By about 24 hours after injection into the CSF, RG6042 has diffused into neurons in the brain, where it remains for 3 to 4 months. Bennett says animal studies tracing the drug’s uptake and activity suggest that monthly injections of the highest trial dose might begin to measurably improve symptoms after 6 months—if the drug works.
In January, Michelle Dardengo began to receive monthly injections of 120 milligrams of RG6042—the highest dose dispensed in the first study. Along with 45 other patients from that study, she is taking part in an open-label extension of the trial. It is designed to produce long-term safety data and to chart all 46 patients’ disease progression. But for Dardengo, it is a trial of the drug’s promise.
In an in-person interview in March, shortly after her third such injection, Dardengo appeared tired. Her speech was sometimes halting and stopped midsentence.
Three months later, in a telephone interview in June, she spoke fluently, in complete sentences. She was still gamely answering questions after 2 hours. “I find that my speaking is a lot better. Like, I can actually finish a sentence,” she volunteered.
Dardengo also reports that she and her dogs are walking farther, on rougher trails, than was her habit in January. She added: “My handwriting is becoming quite legible now.” In July, Dardengo noted that she has resumed clipping the cat’s claws and sent a video of herself doing so with apparently steady hands. Marc Dardengo confirms that his wife’s walking stamina and hand-writing have improved, and he notes that her violent leg movements while sleeping have virtually disappeared. And he thinks that the deterioration of her memory has stabilized. “Before the start of the [open label] trial, I could see her memory [go downhill] over the course of a year. Since January, [with her] taking this drug, I am not seeing that type of change.”

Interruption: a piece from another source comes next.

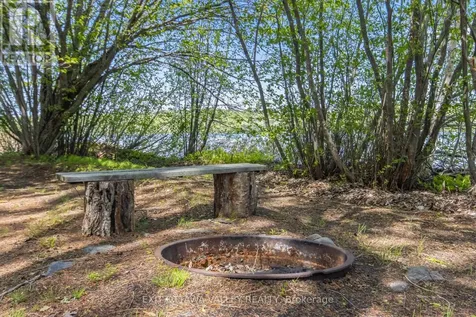 112 Arbor Vitae Road Madawaska Valley ON K0J 1B0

But he cautioned that his wife’s verbal fluency is a moving target. “She has easier days with conversation more often than before. But she also has days when the dots aren’t connecting.”
And Joel Dardengo believes his mother’s memory is getting worse. In June, for example, she forgot to buy him a birthday cake, a long-standing tradition. Paying for a pricey meal at a restaurant, she uncharacteristically failed to tip the server.
Trial scientists Tabrizi and Leavitt strongly caution that one patient’s experience is an anecdote, not a study. “An n of one is just that,” Leavitt says, adding: “The placebo effect is very real. We don’t want to put out the impression that [the drug] is working. Because we don’t know yet.” Tabrizi says she and her team are doing their all—by phone, email, and in person—to communicate that to patients.
Today, Michelle Dardengo says her goal is to ride her bicycle in 6 months. To win Leavitt’s permission to attempt this, she needs to pass the heel-to-toe walking test administered to suspected drunk drivers without losing her balance, a feat that eludes her today.
She is nonetheless buoyant. “I feel so much hope,” she says. “Things are so different between my dad and me: I’ve got a life to live.” For her son, her hopes are even higher: “Joel could definitely be a candidate to potentially never see or experience Huntington.”
Joel himself is far more cautious. “I do wish for the best,” he says. “At the same time, I do prepare for the worst.”
*Correction, 27 August, 12:12 p.m.: An earlier version of this story overstated the hints of clinical benefit in data from the first trial. That passage has been corrected.